The last thing lenders and consumers want is for AI systems to make up information that lands on bank statements and credit reports. Out of control AI can wrongly approve or block transactions, leak customer card information, or create any number of costly mistakes.
So, while AI can seem magical, it’s certainly not perfect. For this reason it’s better not to completely depend on AI models, but to make sure there is a human in the loop, checking to ensure everything is correct.
More Regulation, More Work
One of the biggest challenges in finance is checking for fraud and the new forms it has taken since AI entered the picture.
The FBI’s Internet Crime Complaint Center received 22,364 internet crime complaints that contained references to AI in 2025. And AI-related losses have reached a staggering $893 million and aren’t slowing down.
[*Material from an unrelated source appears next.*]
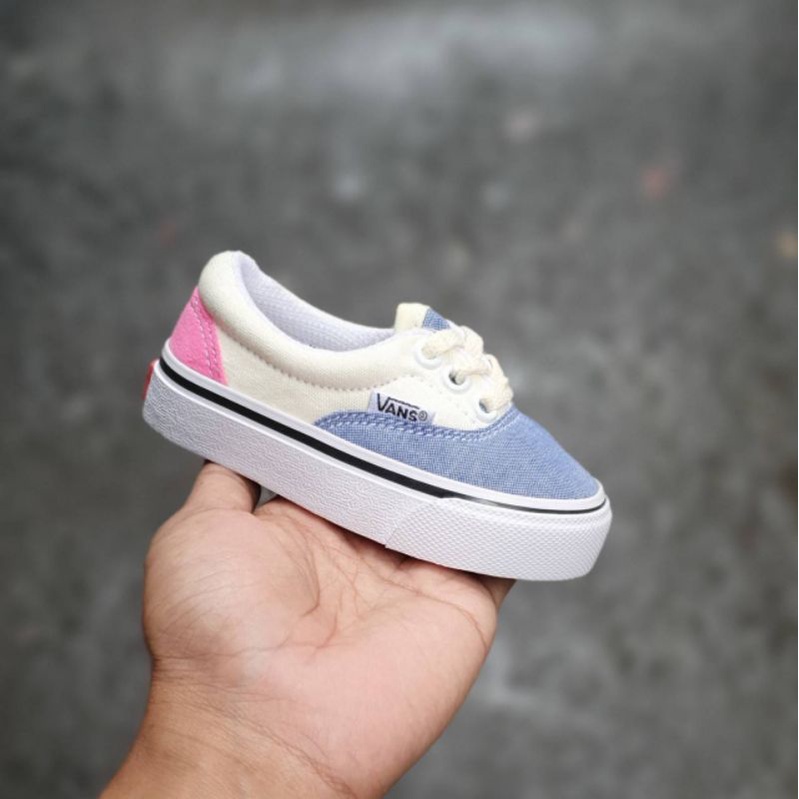 sepatu anak vans authentic multicolor terlaris size 20-30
Consumers face a growing number of phishing scams, fake customer service calls, and deepfake videos that look and sound frighteningly like the real thing.
The difference is that scams today look so real, they can get consumers to authorize transactions or submit payments they did not intend. To safeguard security, financial institutions add more protections, which make legitimate transactions more complex.
Because the FBI has just made AI fraud a formal category, increased regulation will follow. When these crimes are tracked at the federal level, there will be new compliance expectations and updated liability standards for banks and lenders.
The best order for a defense framework is a cybersecurity platform that uses AI to automate threat detection. That means, among other things, learning a customer’s typical activity, flagging unauthorized access, and enforcing strict multifactor authentication.
Keeping the human touch is critical at every stage of the process. No matter how advanced the technology at play, it can’t replace human judgment.
Designated fraud specialists working with AI defense are needed to monitor the process, identify new scams, and adjust the response to threats.
The other human element is to beef up consumer education resources to help consumers learn to identify the signs of AI-generated voice-cloning and phishing scams.
AI has its benefits and its costs. The technology is powerful, but so are the downsides. Human employees may be more valuable in the age of AI than you think.